USPS realizes that with their new mail processing system, the postmark is no longer proof of the date that it received a piece of mail. Their solution is to make the customer — in the case of ballots the voter — responsible for confirming the receipt date of their piece of mail. It will be up to the voter to obtain proof of date of receipt, or without it, a ballot may not be counted.
“While the presence of a postmark on a mailpiece confirms that the postal service was in possession of the mailpiece on the date of the postmark’s inscription, the postmark date does not inherently or necessarily align with the date on which USPS first accepted possession of a mailpiece,” the proposal notes.
Voters can confirm the exact date that the postal service first accepted possession of their ballot in various ways. The customer can hand the ballot or mail to a postal clerk at the post office and request a manual postmark, purchase a “Certificate of Mailing,” or pay extra for registered or certified mail.
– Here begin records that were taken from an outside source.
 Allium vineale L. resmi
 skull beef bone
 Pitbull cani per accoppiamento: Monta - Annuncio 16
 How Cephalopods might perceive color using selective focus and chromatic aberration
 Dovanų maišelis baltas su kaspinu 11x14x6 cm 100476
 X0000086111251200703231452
The postal service’s postmark has been considered the mail date for payments by mail, filing taxes, and other legal documents and, in 19 states and Washington, D.C., the mail date for mail-in ballots that are to be mailed by Election Day.
Recent Changes to Mail Processing System
Now, USPS is making a distinction between the postmark and what they are calling the “First Accepted Possession” of a piece of mail. The postmark only confirms that the postal service had possession of the mail on that date, not that it received the mail on that date.
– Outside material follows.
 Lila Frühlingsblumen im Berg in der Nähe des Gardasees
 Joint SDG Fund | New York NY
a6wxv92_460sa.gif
This proposal is necessitated by the implementation of USPS’s mail stream restructuring, Delivering for America, that was introduced in 2021. Under this system, a piece of mail may have entered the mail stream several days before the postmark is applied. All mail is now being processed at regional postal facilities, where the postmark is applied by machines — not at local post offices. Mail can be held at the local post office or the regional postal facility for a number of days. This delay is exacerbated by weekends, holidays, and rural areas that are far from a regional postal facility.
Voters’ New Responsibility
Delivering for America has been a disaster, as previously reported in The Federalist. Since it began, every USPS Inspector General report about the regional processing facilities, most recently the St. Louis region, has been extremely critical, with reporting about delayed and mishandled mail and other issues.
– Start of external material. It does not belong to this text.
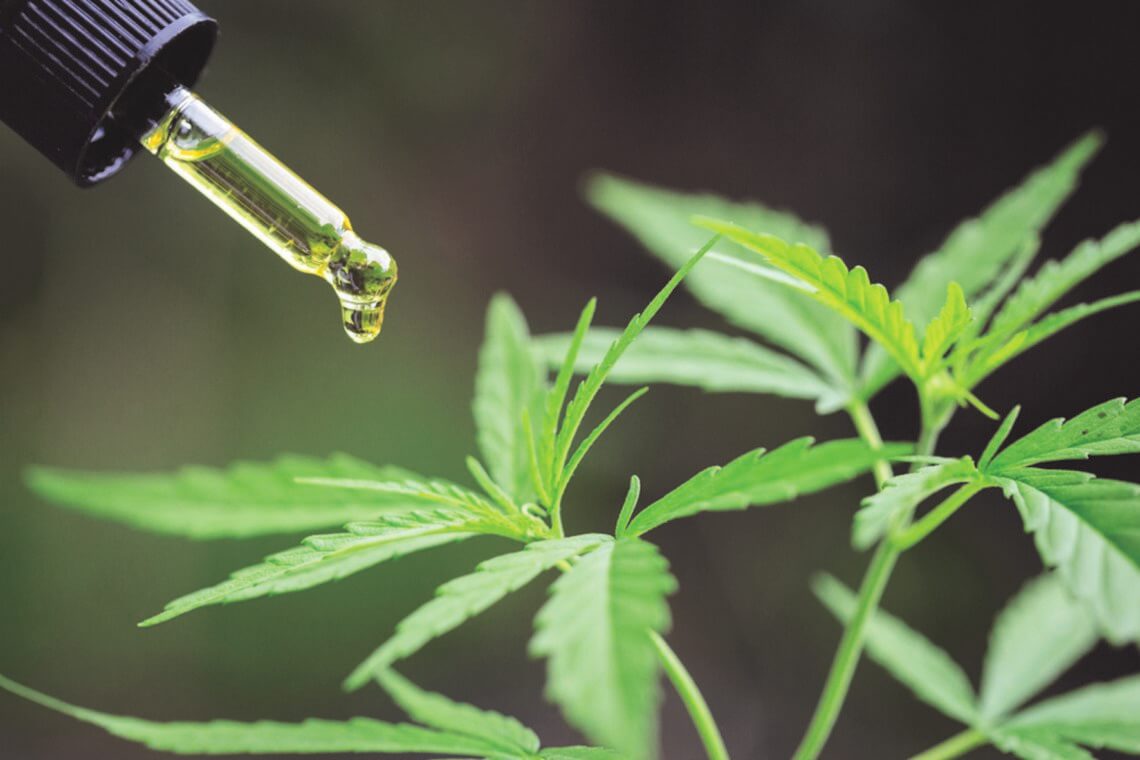 Cannabinoides Cannabinoides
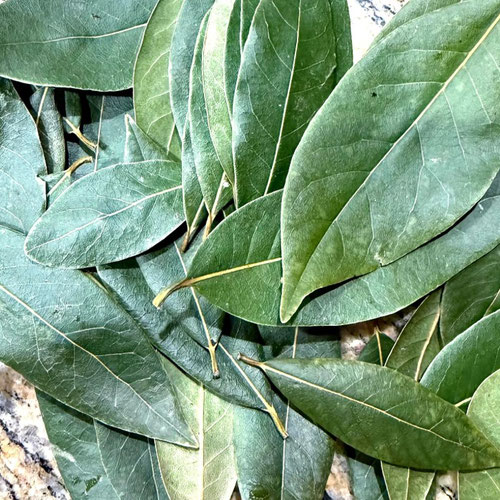 Bay Leaves - Fresh from Ironspring Orchard & Farm — Huntsville Food Hub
President Donald Trump understands the vulnerabilities in voting by mail and recognizes the potential for election fraud. He issued Executive Order 14248 addressing these concerns and has made recent comments going even further, calling for the elimination of voting by mail. Eliminating, or drastically limiting voting by mail, and requiring that all ballots be received by Election Day, as he has suggested, would make USPS’s proposal about the postmark irrelevant.
The Postal Service has become the largest precinct in our elections and their system is not set up to handle the burden of receiving and delivering millions of ballots.
This issue with postmarks is just one more reason why we should limit voting by mail to absentee voting with an excuse. Additionally, the 20 states that use the postmark by Election Day to count a ballot should join the other 28 states that require ballots to be received by Election Day, regardless of the postmark.